- **TASK INSTRUCTIONS**: Print exactly the lines that run from the one containing "Замена парктроников —" to the final line of the data, both included, and print none of the pictures.

* * * * * * *

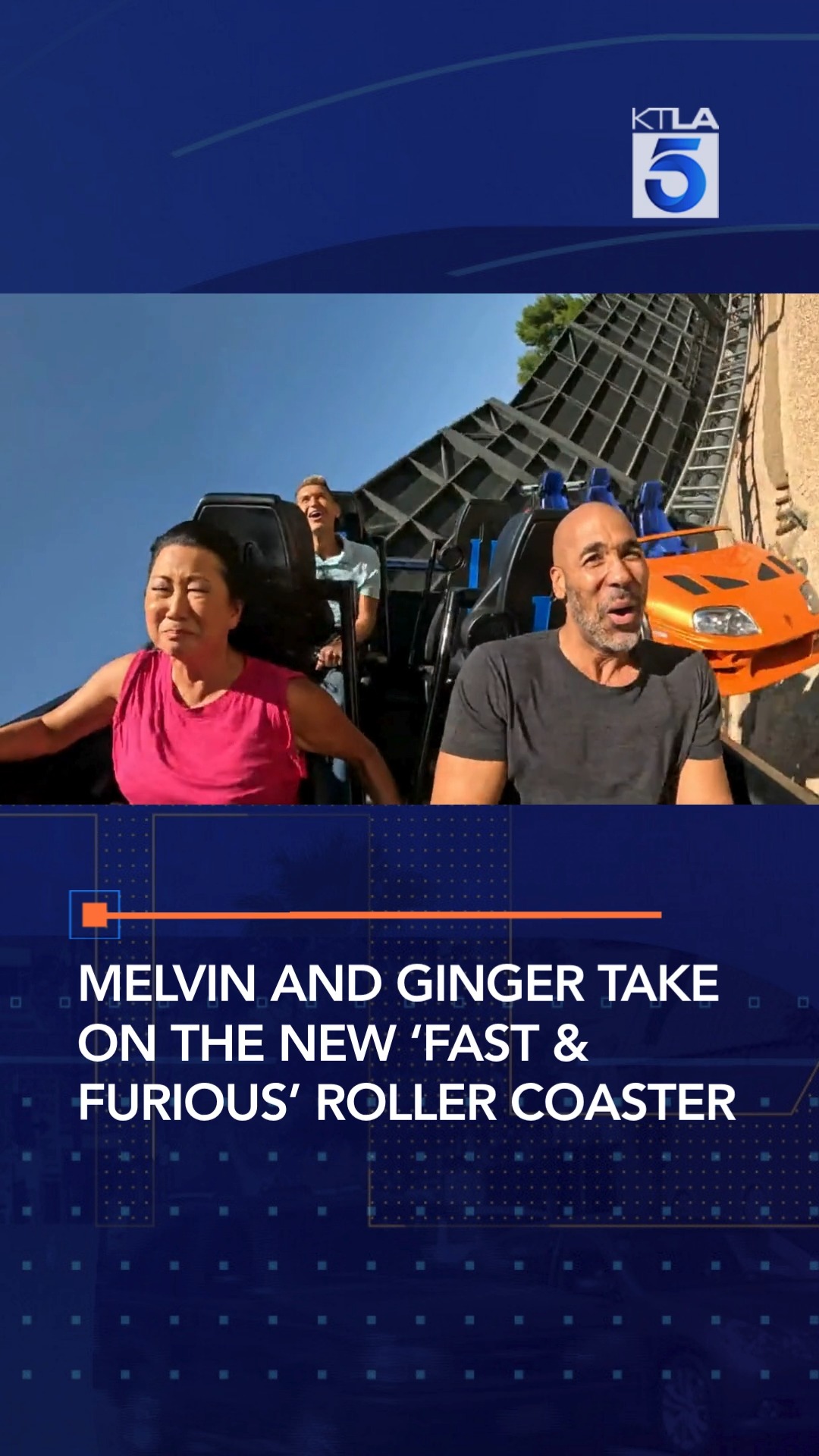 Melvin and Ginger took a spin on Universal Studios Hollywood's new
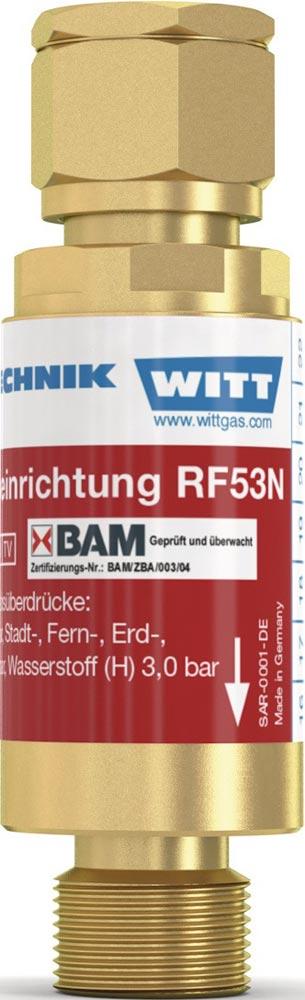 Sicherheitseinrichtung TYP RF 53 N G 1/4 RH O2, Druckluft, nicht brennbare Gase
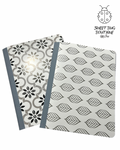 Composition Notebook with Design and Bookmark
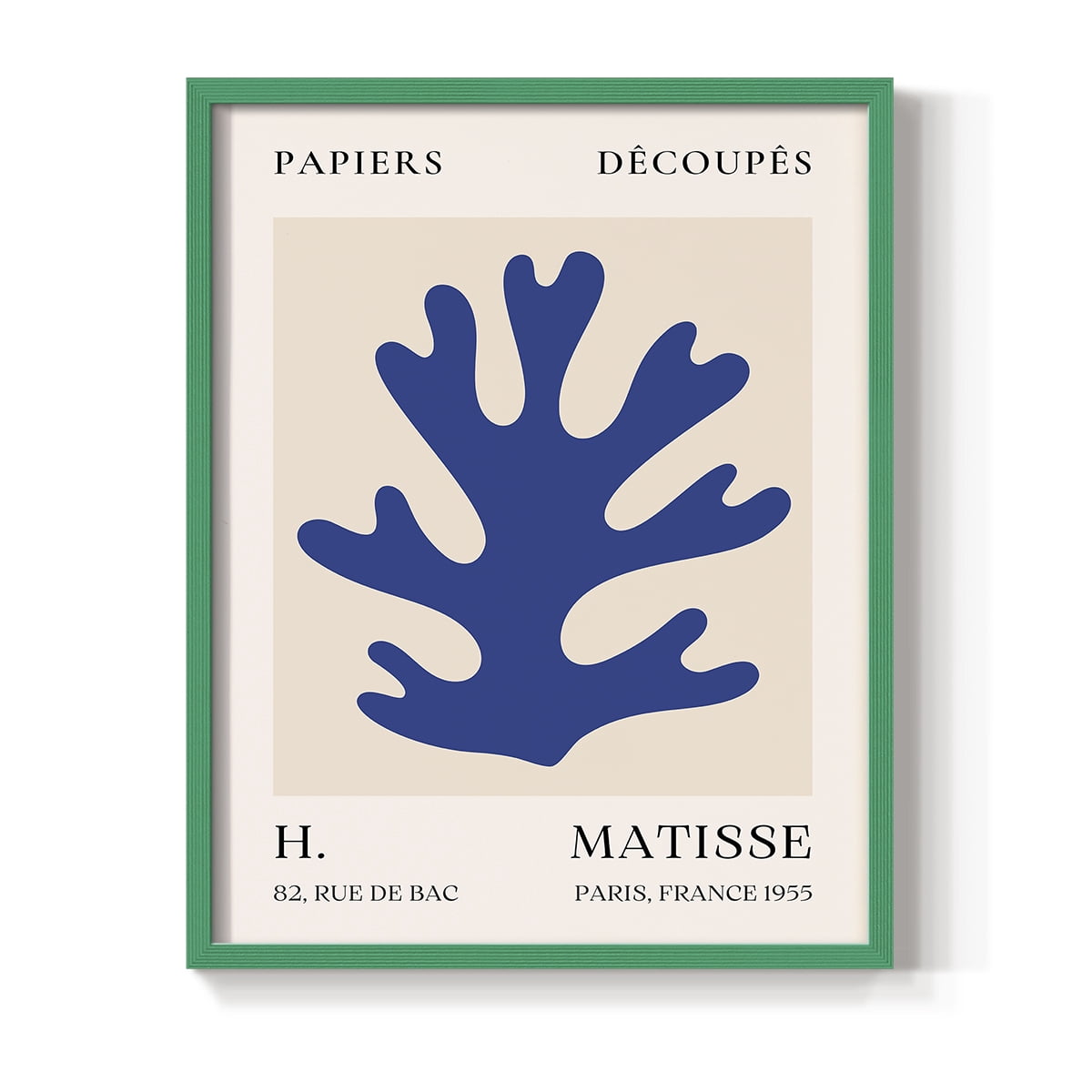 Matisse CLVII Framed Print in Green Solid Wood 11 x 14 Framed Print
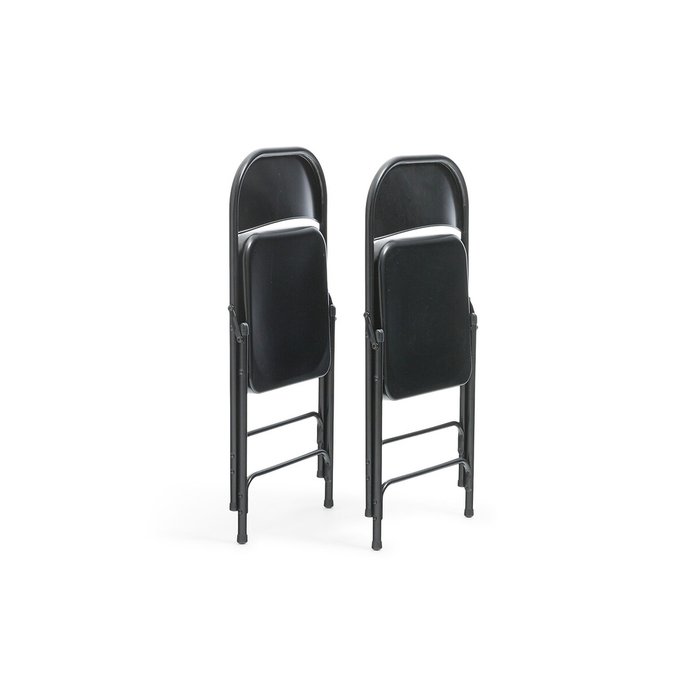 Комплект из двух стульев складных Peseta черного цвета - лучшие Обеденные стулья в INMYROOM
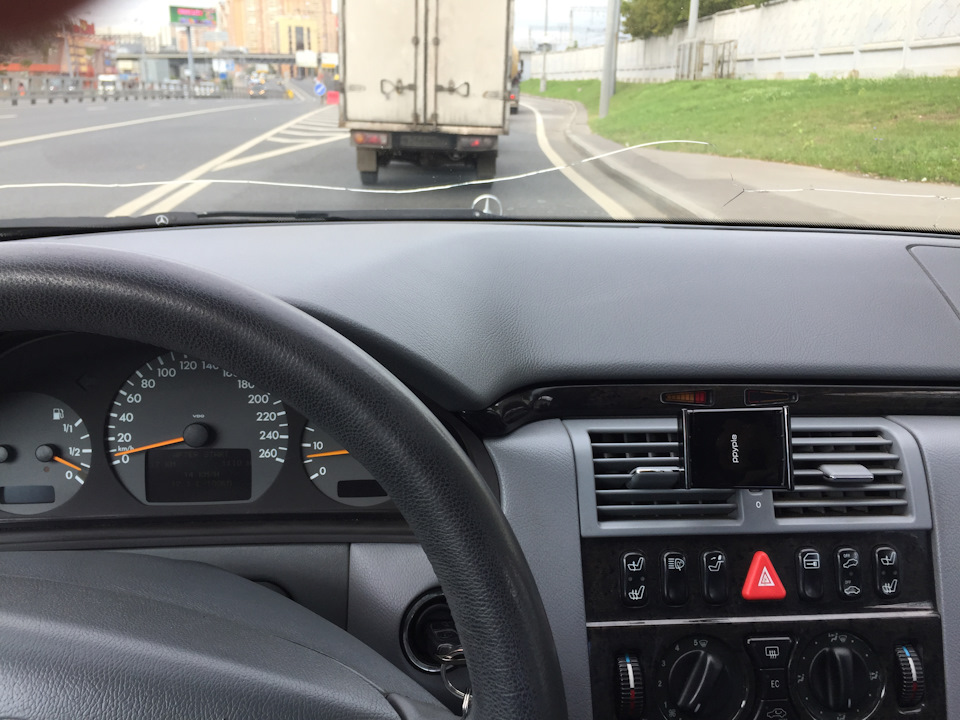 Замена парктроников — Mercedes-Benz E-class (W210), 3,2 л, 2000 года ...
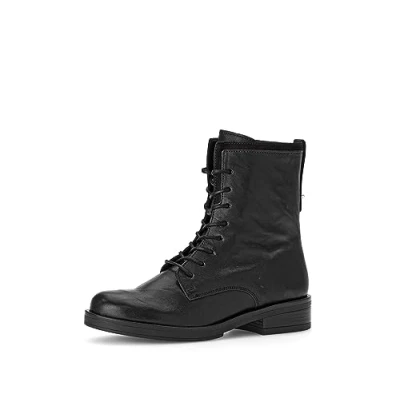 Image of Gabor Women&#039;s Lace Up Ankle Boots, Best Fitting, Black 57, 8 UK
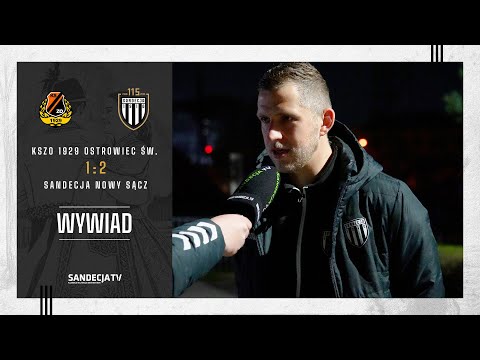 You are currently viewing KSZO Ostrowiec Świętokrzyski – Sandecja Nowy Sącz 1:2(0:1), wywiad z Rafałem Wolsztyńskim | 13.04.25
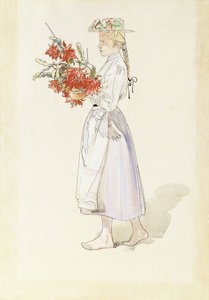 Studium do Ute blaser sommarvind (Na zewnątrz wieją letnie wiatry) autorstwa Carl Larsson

* * * * * * *

- **THE COMPLETED TASK**:
 Замена парктроников — Mercedes-Benz E-class (W210), 3,2 л, 2000 года ...
 Image of Gabor Women&#039;s Lace Up Ankle Boots, Best Fitting, Black 57, 8 UK
 You are currently viewing KSZO Ostrowiec Świętokrzyski – Sandecja Nowy Sącz 1:2(0:1), wywiad z Rafałem Wolsztyńskim | 13.04.25
 Studium do Ute blaser sommarvind (Na zewnątrz wieją letnie wiatry) autorstwa Carl Larsson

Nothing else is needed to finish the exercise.